Düşünün ki dosyaya bakan savcılar dört kez değiştirilmiş, soruşturmayı yürüten polisler değiştirilmiş.
Dahası, cinayetin önemli şüphelilerinden Tolgahan Demirbaş’ı, dönemin MHP Mersin milletvekili Olcay Kılavuz’un evindeyken gözaltına alınması talimatını veren, Ankara Emniyet müdür Yardımcısı Arzum Nazman “terfi gerekçesiyle” görevden alınmış bulunuyor. Şu anda görülmekte olan davada, Tolgahan Demirbaş’ın yakalandığı evin kime ait olduğu bilindiği halde adı bile geçmiyor.
Cinayetle ile ilgili pek çok siyasi soru ortada dururken, davanın seyrinin sadece bir ‘torbacı’ üzerinden yürümesi toplumsal vicdanı fevkalade yaralayıcı bir durum.
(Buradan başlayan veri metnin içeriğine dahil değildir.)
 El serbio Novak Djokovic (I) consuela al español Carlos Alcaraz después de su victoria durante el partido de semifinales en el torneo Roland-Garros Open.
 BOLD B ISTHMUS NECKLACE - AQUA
Herkesin gözü önünde cereyan eden böyle bir davanın ‘olağan’ bir hukuki süreç olduğunu söylemek ne yazık ki mümkün değil.
Nitekim duruşmaya verilen aranın ardından sosyal medya hesabından açıklamalarda bulunan Sinan Ateş’in eşi Ayşe Ateş’in şu açıklamaları oldukça düşündürücü: “Günlerdir MHP MYK üyeleri, Ülkü Ocakları yöneticileri, kiralık kalemler ve trol hesaplar tarafından ortaya sürülen ve dosyadaki delillerle uyuşmayan iddialar ve bugün de duruşma salonunda tutuklular tarafından bu iddialarla bire bir örtüşen ifadelerle topyekûn sergilenen kumpas tiyatrosu… Anlaşılan o ki bu siyasi cinayetin kökleri düşündüğümüzden daha derinde.”
Öyle bir dava süreci yürüyor ki mahkemede ifade verenlerin hemen hepsi, adeta kurgulanmış bir senaryo çerçevesinde bu davanın MHP ile uzaktan yakından bir ilgisinin bulunmadığını söylemeye özen gösteriyorlar. Öyle ki cinayetin sanığı torbacı bile nedense MHP’yi koruma ihtiyacı hissediyor…
Doğal olarak insanların zihninde, bu davanın hukuki bir zeminde ilerlemediği konusundaki endişeler daha da derinleşiyor.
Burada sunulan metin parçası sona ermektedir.